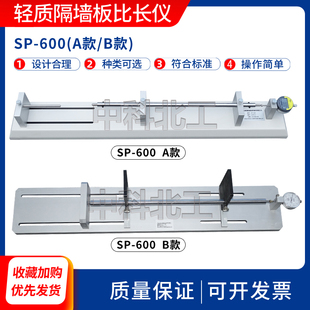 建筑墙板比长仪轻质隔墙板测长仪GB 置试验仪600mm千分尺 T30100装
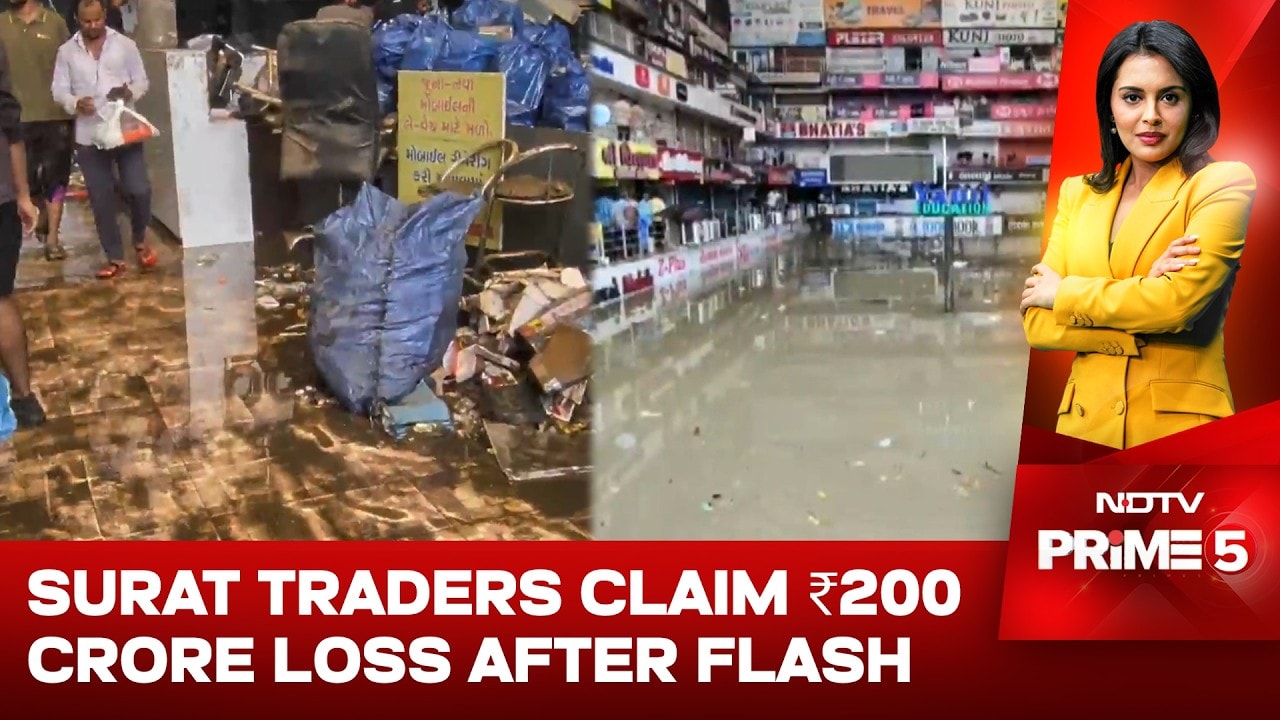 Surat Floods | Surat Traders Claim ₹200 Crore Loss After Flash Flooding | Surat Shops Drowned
---
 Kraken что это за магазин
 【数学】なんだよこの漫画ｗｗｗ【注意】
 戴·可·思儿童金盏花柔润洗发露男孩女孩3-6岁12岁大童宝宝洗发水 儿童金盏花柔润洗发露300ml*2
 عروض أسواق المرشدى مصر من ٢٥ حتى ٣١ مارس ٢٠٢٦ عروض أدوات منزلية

TO DO >> Word for word, retype the lines in the entries above that run from the one with "建筑墙板比长仪轻质隔墙板测长仪GB 置试验仪600mm千分尺 T30100装" through the one with "Surat Floods |". Both ends count; pictures do not.

WRITTEN ANSWER >>
 建筑墙板比长仪轻质隔墙板测长仪GB 置试验仪600mm千分尺 T30100装
 Surat Floods | Surat Traders Claim ₹200 Crore Loss After Flash Flooding | Surat Shops Drowned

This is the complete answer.